2

Clarification: Am not looking to destroy history, am looking for means to periodically purge it via launchd for security purposes

Have been using cat /dev/null > ~/.bash_history to clear bash history as have seen in many *nix conversations as the most effective way to do so.

So I put it into a shell script that runs in launchd, yet after some time I've come to realize though it runs it's not clearing history.

Is it possible to clear bash history this way via bash script or can it only be done manually as a user? Perhaps I need to run the command directly in the .plist and not via a bash script?

Note: I have other scripts running correctly via launchd so question is strictly about being able to clear history via an agent

Thank you

Update: Found this cool site that helps generate launchd scripts if this helps anyone. Cannot vouch for it but it's much easier than hacking XML. It seems to use sh -c for all commands though, so not sure why that is.

launchd plist generator http://launched.zerowidth.com/

2
  • 2
    Please add the plist and the script to the question.
    – nohillside
    Oct 23 '20 at 5:27
  • FWIW: If you're keen on using launchd, you should take a look at LaunchControl. It's not free, but it's brilliant, and well worth the modest price. After using it for a few weeks, you'll realize that launchd actually is useful!
    – Seamus
    Oct 23 '20 at 17:21
5

Your bash history consists of two "histories", not one. One of these histories is stored in a file - its size/depth is governed by the parameter HISTFILESIZE. The other history is cached in memory - its size is governed by the parameter HISTSIZE.

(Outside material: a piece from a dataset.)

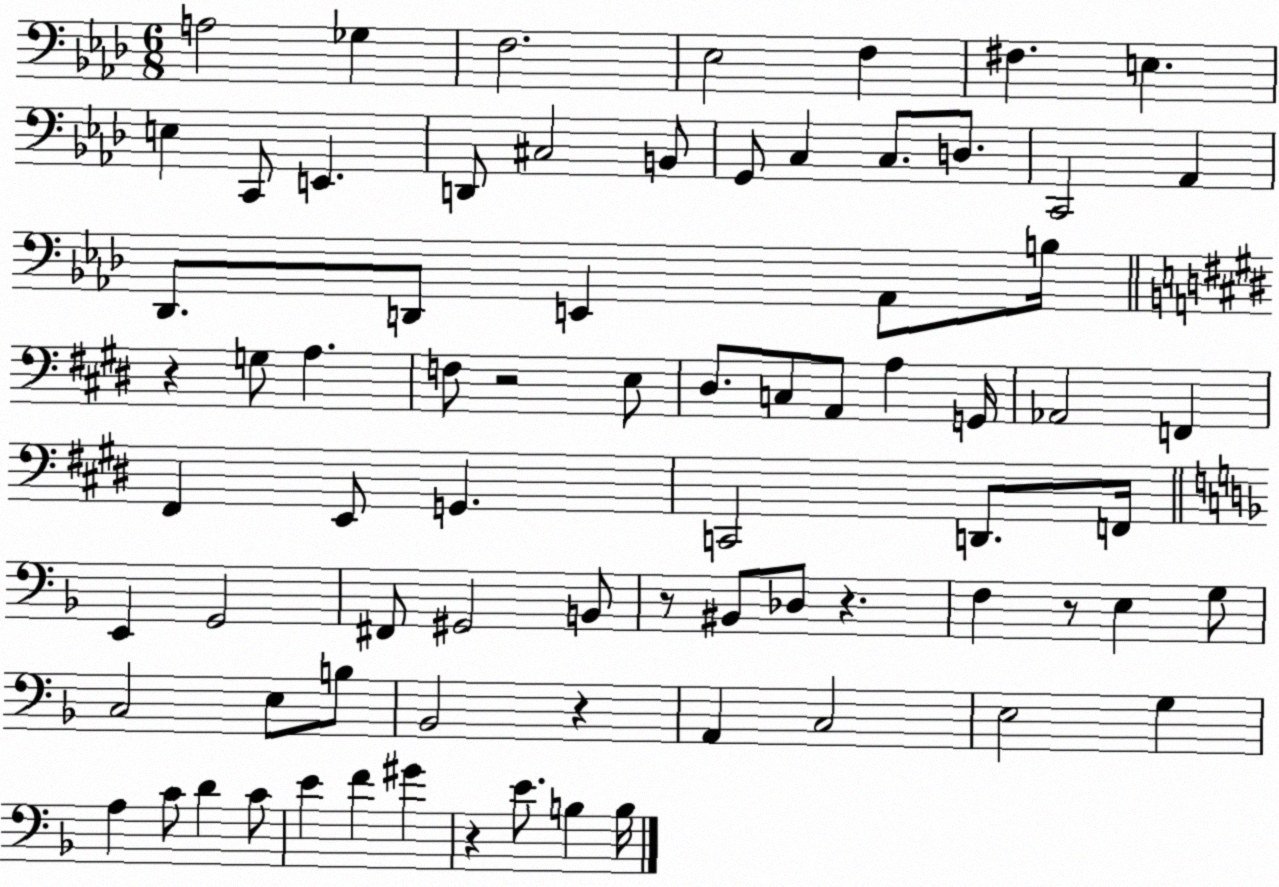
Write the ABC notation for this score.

You can check the sizes/depth of your histories:

$ echo $HISTFILESIZE 
$ echo $HISTSIZE

The reason for two histories is that one is associated with each shell session (HISTSIZE), while the other history is a file ~/.bash_history that is "permanent", and eventually receives the session histories when they overrun their max depth, or when the session is terminated. That's a bit complicated to explain, and the picture below may help make the relationship between these two histories clear.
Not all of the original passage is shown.